Throughout my whole schooling life, I have always been a geek ... and I knew exactly why. It was never about wanting my future to be a bright one, nor did it have anything to do with being kiasu. I was 110% sure about the source of my driving force ... my motivation for those late night gung-ho revisions and memorizing had to do with only one thing : to make my parents proud.
I always studied cause I wanted my Dad and Mom to praise me when I got good results. It may sound very shallow of me, but I secretly smirked (or smile to myself in content) everytime my Dad said to my siblings,"Take a look at your sister. She never ever has to be pushed to study. She does it on her own," or even when he praises me with his usual "Very good ! Good job" and plants a kiss on my forehead for being able to secure my place as the top ten in class everytime.
My Dad was a smart man. I looked up to him and made him my study-idol =) As a student, he was always number 1 in class. Even when he worked in IBM, he was constantly getting awards, and was one of the most famous senior/ top authority employees ... He would usually drag and enroll me into the workshop or club activities organized by his company for the children ... In a way, my Dad wanted to prepare me for IBM by having them familiarize with my name in their records. I have attended their workshops on business managing & team building ,performed for their events, received awards for excelling in education (yes, IBM gives out MPH gift certificates to those who performed well on UPSR, PMR & SPM), and I had my first taste of writing a 3000 word essay on the topic "My Technology-Era Invention" to be submitted into one of their departments in order to be granted a seat in their IT camp-workshop that was only limited to 30 participants. I loved collecting the tokens and souvenirs they gave out after you have completed workshops like those.

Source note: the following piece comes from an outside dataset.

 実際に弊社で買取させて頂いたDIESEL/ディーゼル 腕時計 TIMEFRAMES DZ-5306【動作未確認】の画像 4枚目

Now that I've had the time to ponder about it, I realized that I have been doing my best not because I wanted to collect trophies and certificates to be added into what I call my "Bangga Cupboard", but because I wanted to hear my parents praise me. But what happened is that I've become so accustomed to getting good grades that if there is a time when I do not get the marks that I have expected, I take it really hard. My mom once said to one of my friends,"If one day my daughter doesn't perform well *touch wood* she is going to experience a very big break down. I am worried for her cause she stresses herself out too much everytime exams are near."

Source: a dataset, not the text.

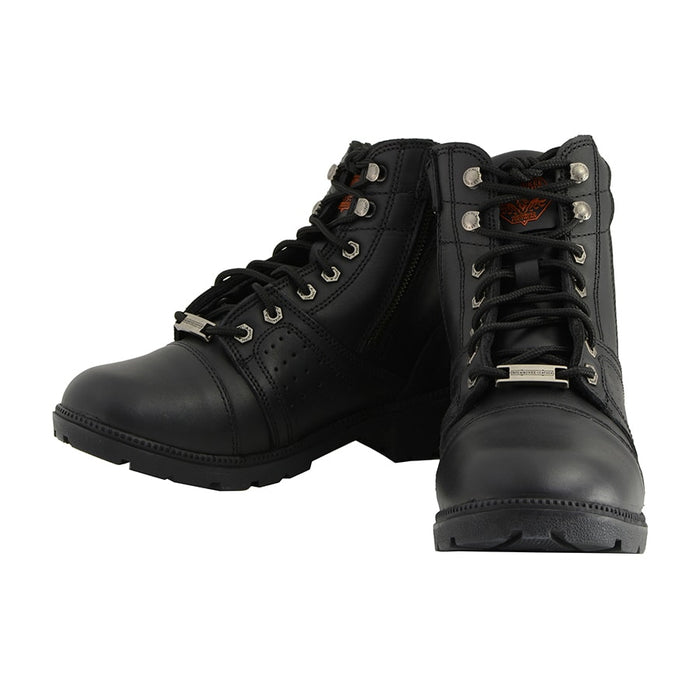 Women’s Lace to Toe Boot w/Contrast Stitching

However, since college, I have learned to take things easy. In fact, I laid back a wee bit too much. After I moved on to uni, I began to display my neuroticism again when it came to assignments and tests. This thing just never ends. Sometimes I feel like my whole world is crashing when I get so worked up over exams ... and sometimes I feel as if its easy-peasy-piece-of-cake and I laze around, become guilty, and start panicking at the very last minute. The motivation in me had suddenly turned inconsistent.
And it hit me right in my senses. I knew why at periods of time I could feel so relaxed and at the next, I'm on my toes, ready to engulf myself in books. There is only one thing missing ...
I just need to hear his voice again, reinforcing my performance.